** DATA TO USE follows **
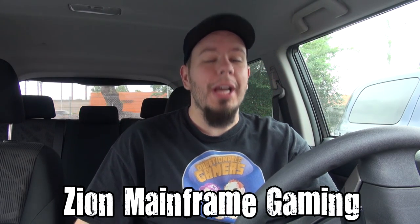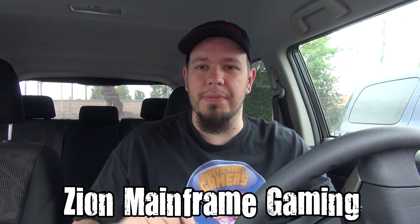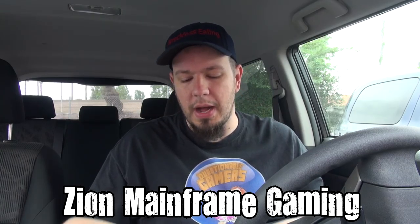Welcome to another episode of Carbs on Reckless Eating, the only show where I sit in a car and talk while consuming carbs. Check out our gaming channel, Zion Mainframe Gaming, by clicking the annotation or the description link. Give it a subscribe.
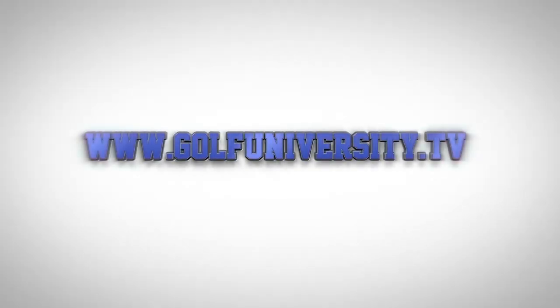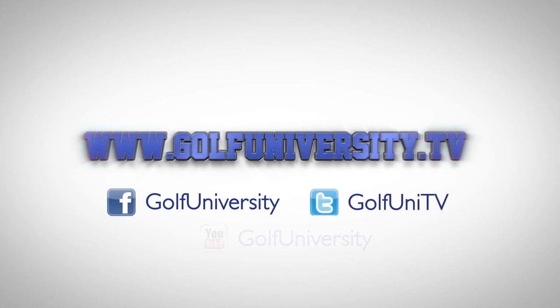For more great golf tips, including the free Three Steps to Chipping Mastery video series, visit golfuniversity.tv.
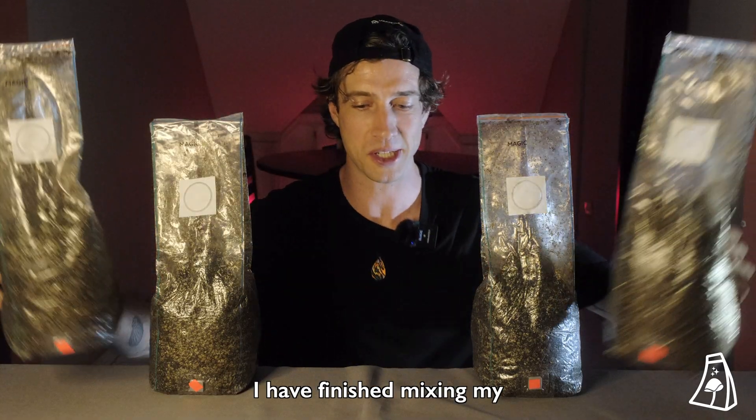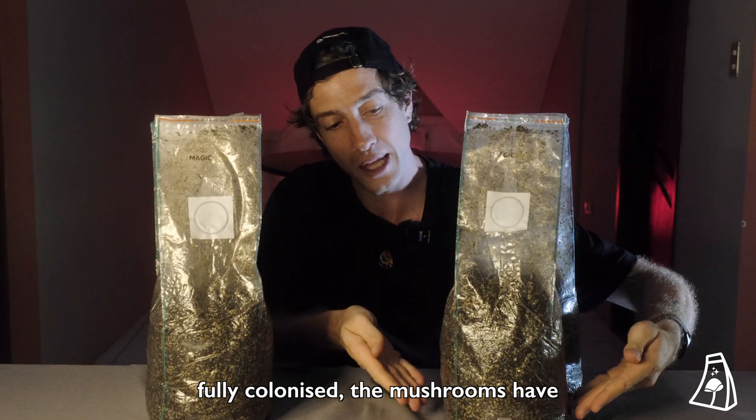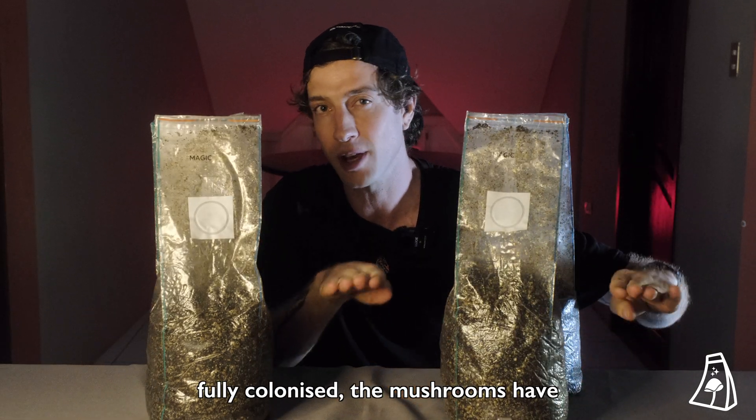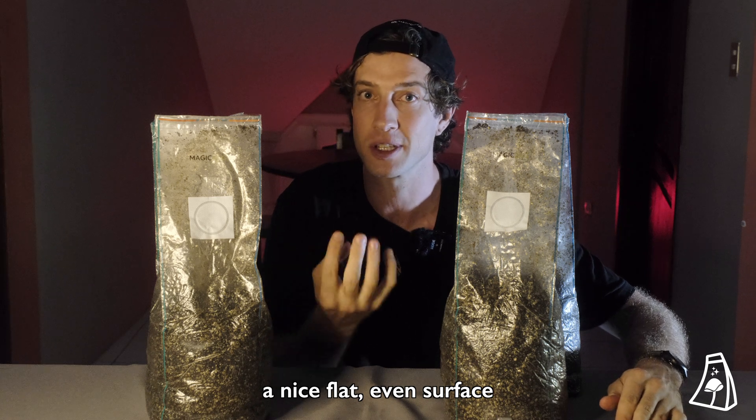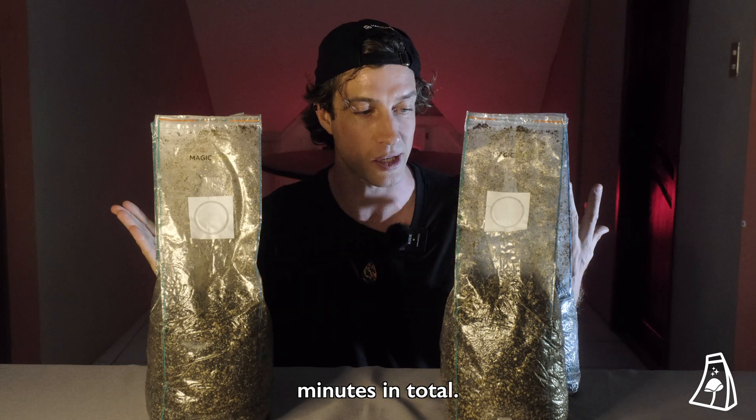I have finished mixing my bags. I've made them all into nice, even shapes so that when the bag is fully colonized, the mushrooms have a nice, flat, even surface to sprout from. I probably spent five minutes mixing each bag, so 20 minutes in total.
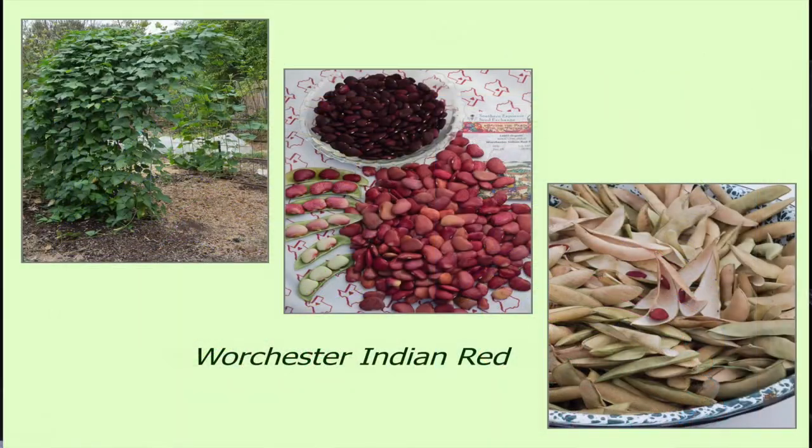Especially this one — Worchester Indian Red. This one has a kind of old-fashioned trait that when it dries up and the shells open, they kind of pop and the shells shatter — the dried pods shatter and the seeds fall out or fly out. Sometimes I've had these dried beans sitting on my kitchen counter in a bowl, and all of a sudden there'll just be this pop, and it goes up and lands in the sink or on the floor.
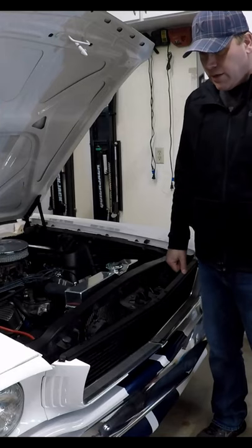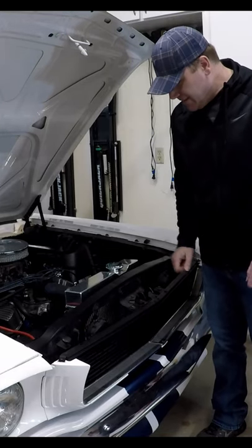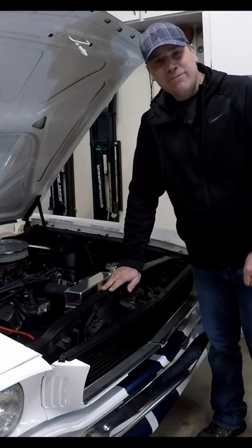All right, it's been looking much cleaner, much newer than when I got the car. Thumbs up. Thanks for sticking with me. We'll see you in the next one.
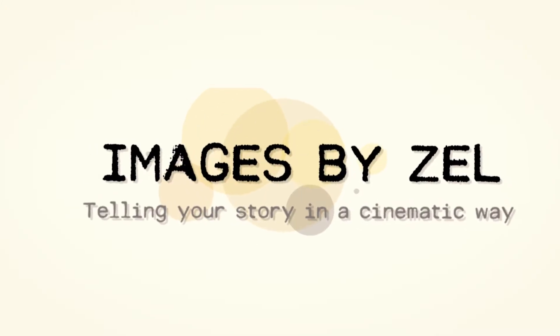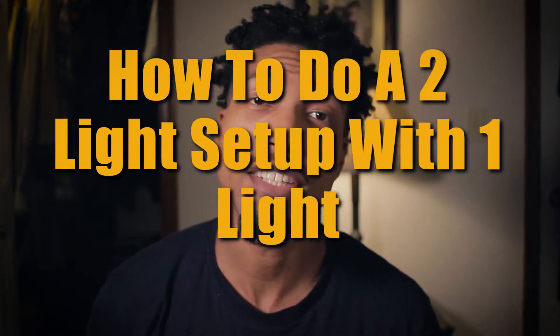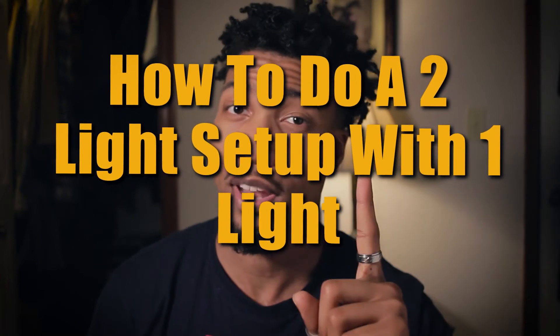In this case we don't have two lights, we only have one — so how do we do that? What's going on everybody, thank you so much for watching. Today we're going to be talking about how to make a two-light setup using only one light. In this shot right now behind me you can see that there's a practical lamp.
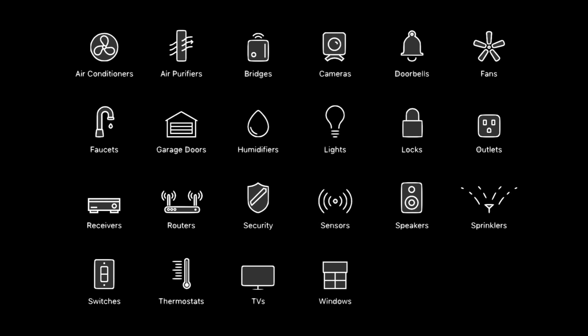Greetings, Internet. It's Dustin again with My HomeKit Home, bringing you all things Apple HomeKit, from news to product reviews to how-to product reviews, just like this one. If that's something that you're into, go ahead and hit that subscribe button and the bell notification so you don't miss out on any of our new videos as soon as they're released.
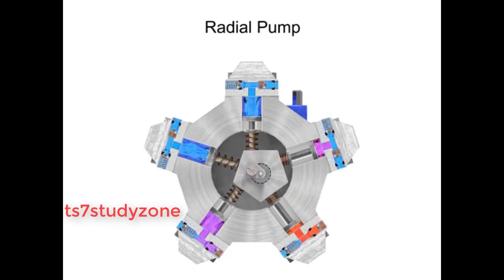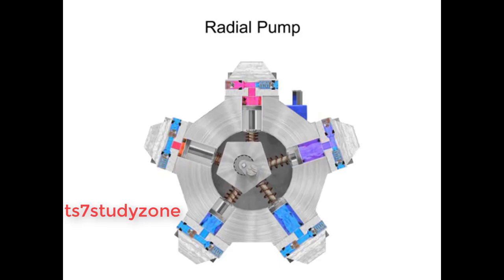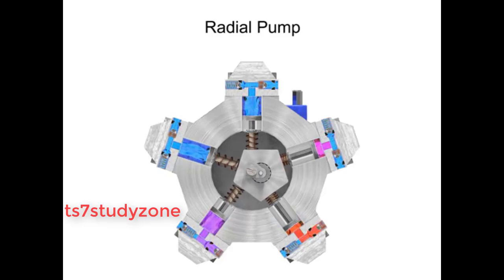As the shaft rotates, the cam moves towards the pistons, forcing them down into the cylinder block and discharging the fluid. As the cam moves away, springs help retract the piston and cause the intake stroke.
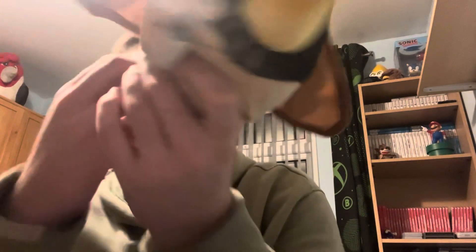Obi-Wan Kenobi! Wow, he looks really nice. I've always wanted this for years. It's a White House Leisure Wave 2 Star Wars plushie.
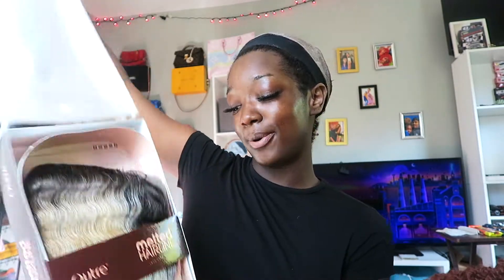Hey, it's your favorite baddie on a budget, Diamond. Welcome back to my channel — if you're new here, I'm Diamond K. Make yourself at home because today I'm gonna be showing you guys the Outre Liliana Melted Hairline wig in the color honey gold. I am eager to try her on so we're just gonna get into it — forget the intro video today, we're just gonna put her on my head.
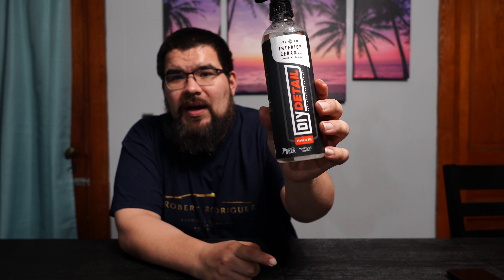The reason why I want to talk about this product is because it's something new to me. I've never had an interior protection that can do vinyl, leather, and fabric — it can do all that. This brand is made for DIY, it's in the name. It's for regular people who just want to clean their car, protect their vehicles, and make them look nice.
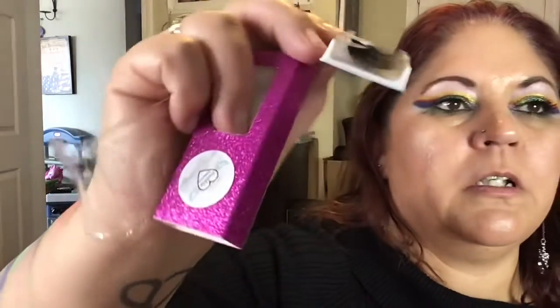And then I got these lashes. They're really pretty, and these are in the style Nala. These are really cute. They're pretty fluffy. I like that. I will definitely try these for you guys in a video. Those are really pretty lashes.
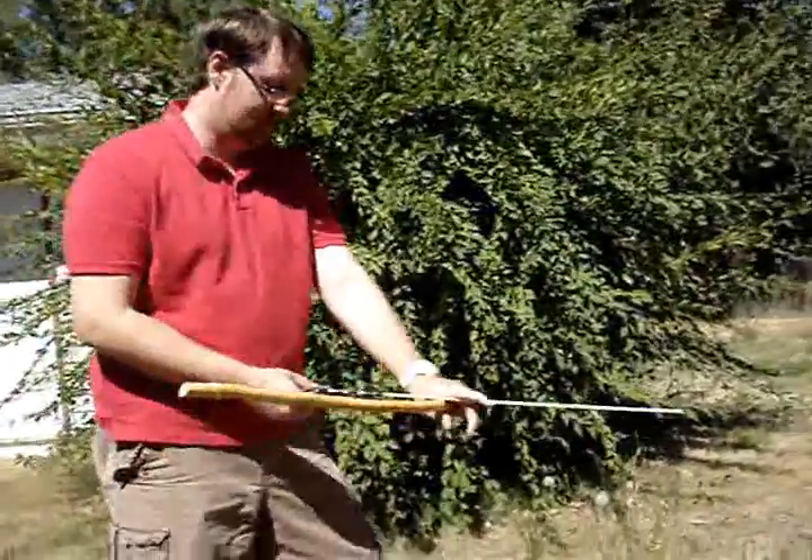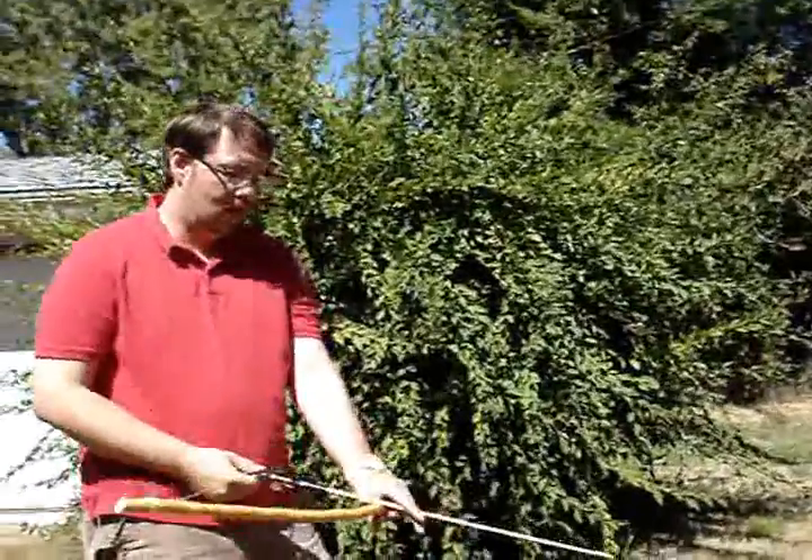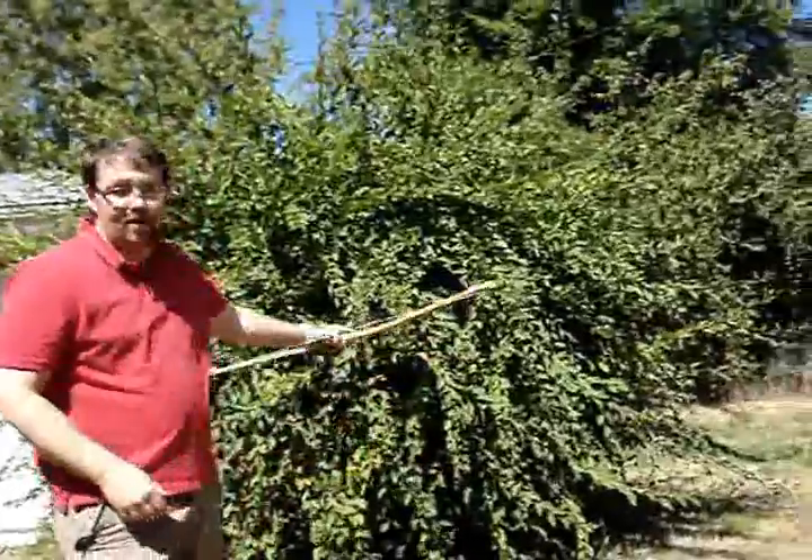So I've got a homemade bow, a little bit better than the last one we made. This one is made out of a young cherry tree. And then these arrows I made out of this bush right here. So I'm going to go ahead and give it a shot.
** End of DATA TO USE **
_TASK STATEMENT_
Taking the records above, print only and exactly the lines from the line with "Greetings, Internet. It's" to the line with "And then I got", both kept, and exclude pictures.

_ANSWER FOR THE TASK_
Greetings, Internet. It's Dustin again with My HomeKit Home, bringing you all things Apple HomeKit, from news to product reviews to how-to product reviews, just like this one. If that's something that you're into, go ahead and hit that subscribe button and the bell notification so you don't miss out on any of our new videos as soon as they're released.
As the shaft rotates, the cam moves towards the pistons, forcing them down into the cylinder block and discharging the fluid. As the cam moves away, springs help retract the piston and cause the intake stroke.
Obi-Wan Kenobi! Wow, he looks really nice. I've always wanted this for years. It's a White House Leisure Wave 2 Star Wars plushie.
Hey, it's your favorite baddie on a budget, Diamond. Welcome back to my channel — if you're new here, I'm Diamond K. Make yourself at home because today I'm gonna be showing you guys the Outre Liliana Melted Hairline wig in the color honey gold. I am eager to try her on so we're just gonna get into it — forget the intro video today, we're just gonna put her on my head.
The reason why I want to talk about this product is because it's something new to me. I've never had an interior protection that can do vinyl, leather, and fabric — it can do all that. This brand is made for DIY, it's in the name. It's for regular people who just want to clean their car, protect their vehicles, and make them look nice.
And then I got these lashes. They're really pretty, and these are in the style Nala. These are really cute. They're pretty fluffy. I like that. I will definitely try these for you guys in a video. Those are really pretty lashes.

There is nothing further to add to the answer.